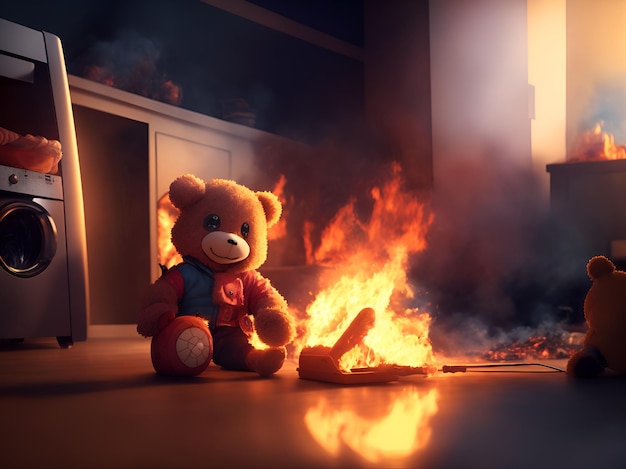 Een brand in een appartement een speelgoed teddybeer voor een brand Generatie AI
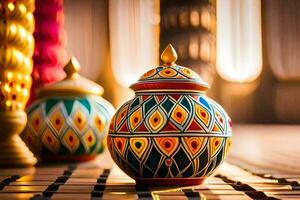 colorful decorative vases on a wooden table. AI-Generated photo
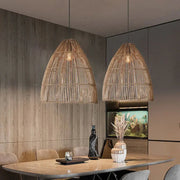 Längliche Rattan-Hängeleuchte Rattan Deko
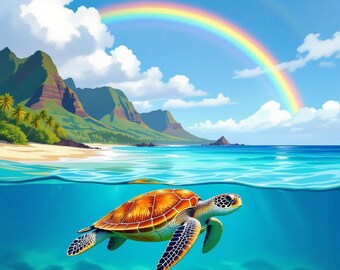 sea turtles, hawaii, rainbow, waikik, beach, sunset, digital print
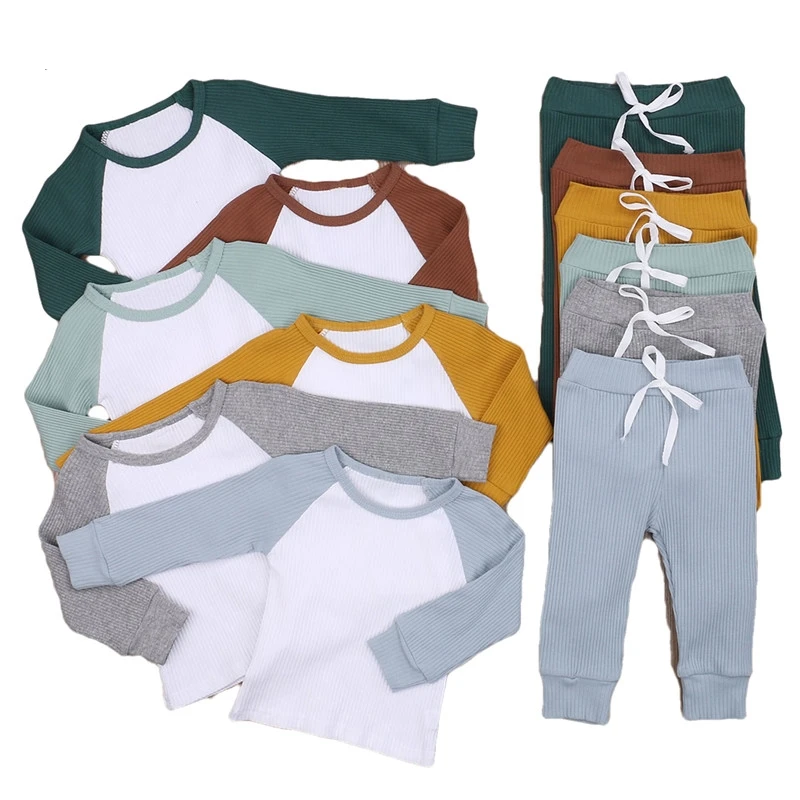 

2020 комплекты одежды для маленьких мальчиков, Осенние Топы с длинными рукавами и круглым вырезом и рукавами реглан + трикотажные длинные шта...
━━━━━━━━━━
Return the records above exactly as written, but without any of the pictures.

 Een brand in een appartement een speelgoed teddybeer voor een brand Generatie AI
 colorful decorative vases on a wooden table. AI-Generated photo
 Längliche Rattan-Hängeleuchte Rattan Deko
 sea turtles, hawaii, rainbow, waikik, beach, sunset, digital print

2020 комплекты одежды для маленьких мальчиков, Осенние Топы с длинными рукавами и круглым вырезом и рукавами реглан + трикотажные длинные шта...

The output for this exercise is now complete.